Scottish whisky was introduced to the British raj in India in the nineteenth century. The first distillery in India was founded by Edward Dyer at Kasauli in the late 1820s. The distillery was relocated to nearby Solan (close to the British summer capital Shimla), as there was an abundant supply of fresh spring water there. In 1823, the UK passed the Excise Act, legalising distillation (for a fee), and this put a practical end to the large-scale production of home distilled whisky.

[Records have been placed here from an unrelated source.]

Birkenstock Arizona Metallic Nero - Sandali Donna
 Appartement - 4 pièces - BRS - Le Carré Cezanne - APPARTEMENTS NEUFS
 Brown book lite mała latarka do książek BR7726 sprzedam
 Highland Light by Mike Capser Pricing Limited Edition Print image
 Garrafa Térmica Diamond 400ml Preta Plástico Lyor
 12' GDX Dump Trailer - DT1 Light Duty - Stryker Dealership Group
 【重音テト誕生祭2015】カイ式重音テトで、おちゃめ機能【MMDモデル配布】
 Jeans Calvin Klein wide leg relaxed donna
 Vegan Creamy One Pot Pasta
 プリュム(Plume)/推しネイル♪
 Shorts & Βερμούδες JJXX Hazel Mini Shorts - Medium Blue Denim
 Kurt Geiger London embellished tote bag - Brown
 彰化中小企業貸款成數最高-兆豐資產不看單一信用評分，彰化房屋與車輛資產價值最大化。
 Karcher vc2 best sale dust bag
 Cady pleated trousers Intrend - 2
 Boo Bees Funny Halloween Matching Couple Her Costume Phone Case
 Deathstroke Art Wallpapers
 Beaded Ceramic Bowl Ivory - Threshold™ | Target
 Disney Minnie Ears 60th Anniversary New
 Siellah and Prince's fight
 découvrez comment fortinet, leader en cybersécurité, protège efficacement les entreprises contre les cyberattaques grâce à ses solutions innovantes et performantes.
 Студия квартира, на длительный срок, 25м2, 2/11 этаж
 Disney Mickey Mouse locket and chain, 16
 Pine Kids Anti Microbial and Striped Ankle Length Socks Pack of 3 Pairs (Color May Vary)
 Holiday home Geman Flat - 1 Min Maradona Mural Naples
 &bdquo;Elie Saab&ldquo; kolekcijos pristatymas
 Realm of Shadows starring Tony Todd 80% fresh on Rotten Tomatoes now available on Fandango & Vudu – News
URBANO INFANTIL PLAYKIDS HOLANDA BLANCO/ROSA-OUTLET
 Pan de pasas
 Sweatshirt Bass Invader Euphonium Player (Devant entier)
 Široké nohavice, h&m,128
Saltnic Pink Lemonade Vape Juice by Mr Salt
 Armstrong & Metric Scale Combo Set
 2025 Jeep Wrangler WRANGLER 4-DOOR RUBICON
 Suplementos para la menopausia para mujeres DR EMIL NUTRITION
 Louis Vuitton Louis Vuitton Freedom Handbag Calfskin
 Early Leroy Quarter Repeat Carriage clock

In 1831, Aeneas Coffey patented the Coffey still, allowing for a cheaper and more efficient distillation of whisky. In 1850, Andrew Usher began producing a blended whisky that mixed traditional pot still whisky with that from the new Coffey still. The new distillation method was scoffed at by some Irish distillers, who clung to their traditional pot stills. Many Irish contended that the new product was, in fact, not whisky at all.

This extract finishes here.